To further confirm what @DarthSatan said, another source from Unfinished Tales (Part II, "The Istari") explicitly says:

"...they belonged solely to the Third Age and then departed, and none save maybe Elrond, Círdan and Galadriel discovered of what kind they were or whence they came"


Frodo knew a bit. At Bag End he said that Saruman had fallen into evil but was of a nature or type of being that Hobbits should revere and not attack:

"No, Sam!" said Frodo. "Do not kill him even now. For he has not hurt me. And in any case I do not wish him to be slain even in this evil mood. He was great once, of a noble kind that we should not dare to raise our hands against. He is fallen, and his cure is beyond us; but I would still spare him, in the hope that he may find it."

So he obviously had learned something about the nature of the Istari.

We're looking for long answers that provide some explanation and context. Don't just give a one-line answer; explain why your answer is right, ideally with citations. Answers that don't include explanations may be removed.

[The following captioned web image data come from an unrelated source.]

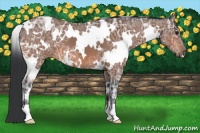 Horse Color:White Spotted Bay Ice 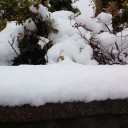 いつまでもピンクで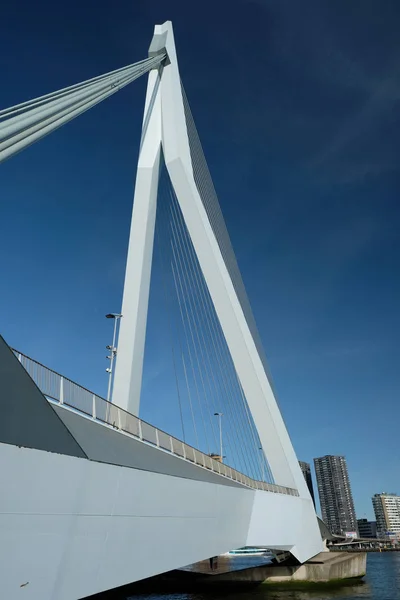 Ponte Erasmus e cielo blu — Foto Stock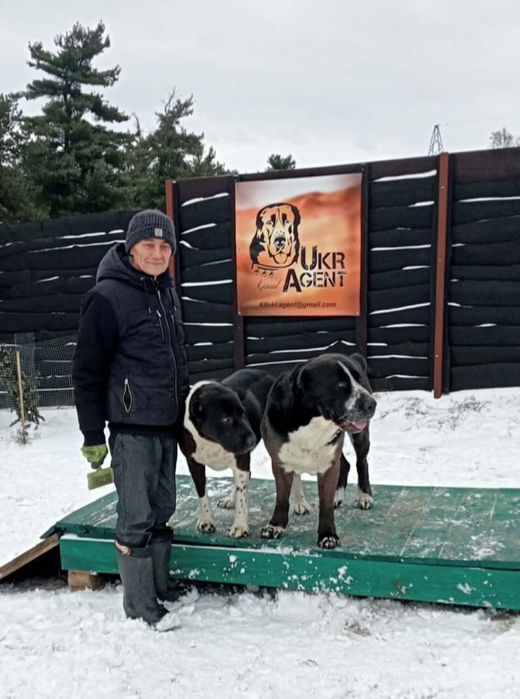 Перспективна самочка САВ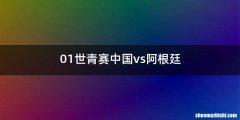 01世青赛中国vs阿根廷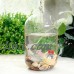 Various Glass Hanging Flower Vase Fish Tank Planter Fishbowl Garden Decor   131919612940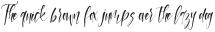 Casablanca otf (400)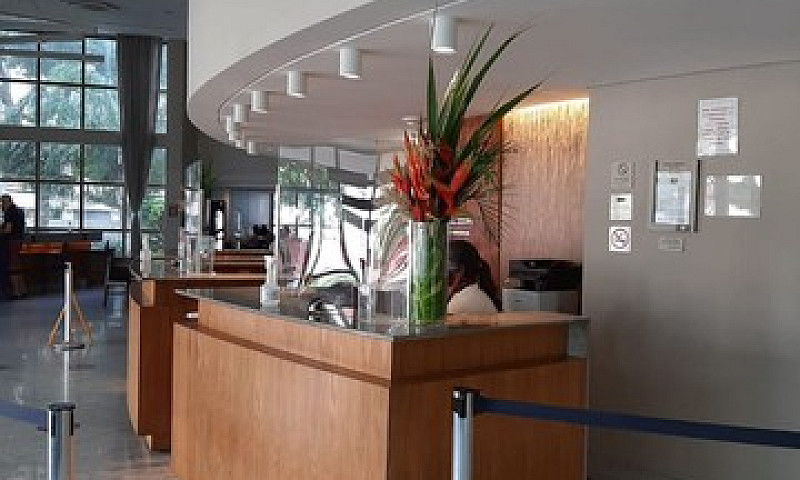 Flat De Luxo (Boa Vi...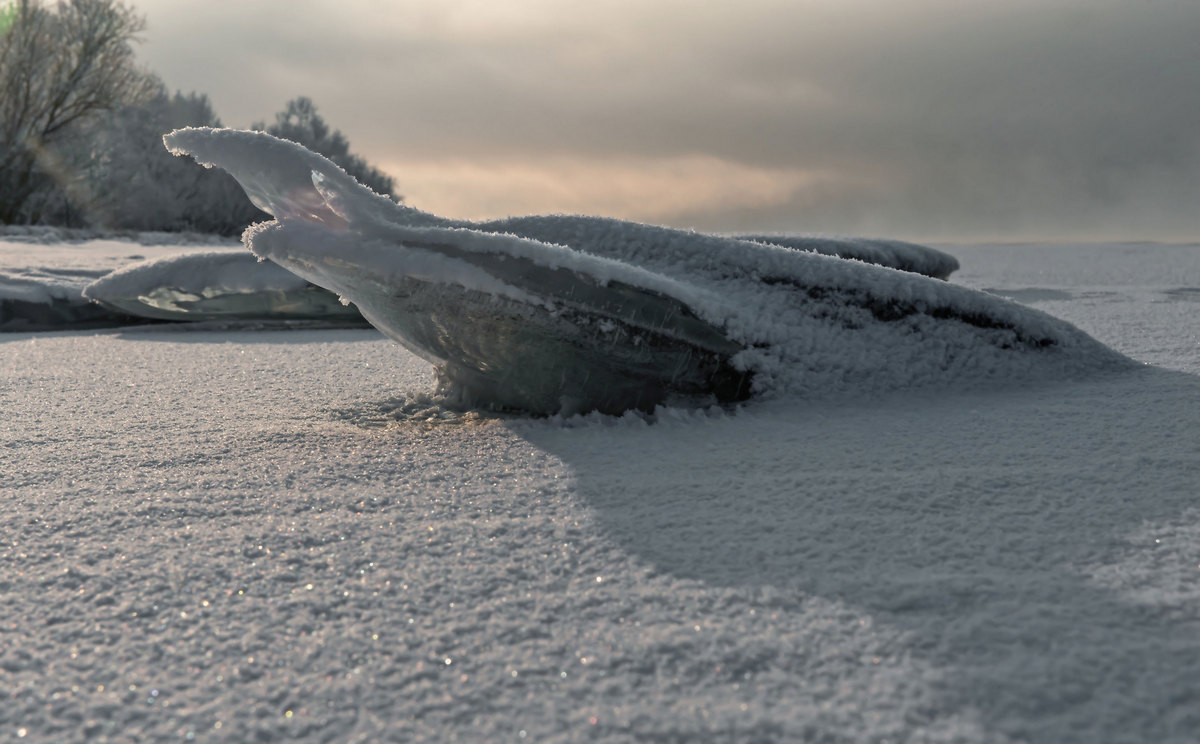 Ледяной пришелец...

  • I think that's because in addition to eldest of elves, frodo had become something of both the seen and unseen. That is why he went into the west once his time had come. – Escoce Mar 31 '16 at 20:08
  • Wizards like Gandalf were already practically revered amongst Hobbits. I think simply being a wizard, especially his association with Gandalf whose power Frodo has witnessed firsthand, is enough for Frodo. It it not necessary to assume Frodo knows something about their true nature to explain Frodo's reaction. – J Doe Mar 31 '16 at 20:23

A small addition that all the other answers have ignored (or did not think to include):

Since we’re simply listing who in Middle Earth knew of the origins of the Istari, with no further narrowing down, another group is of course the Istari themselves.

They are in Middle Earth, and they quite naturally know of their own history and origins, even if it does seem at times (especially right after Gandalf’s rebirth) that it seems very far off and unreal to them.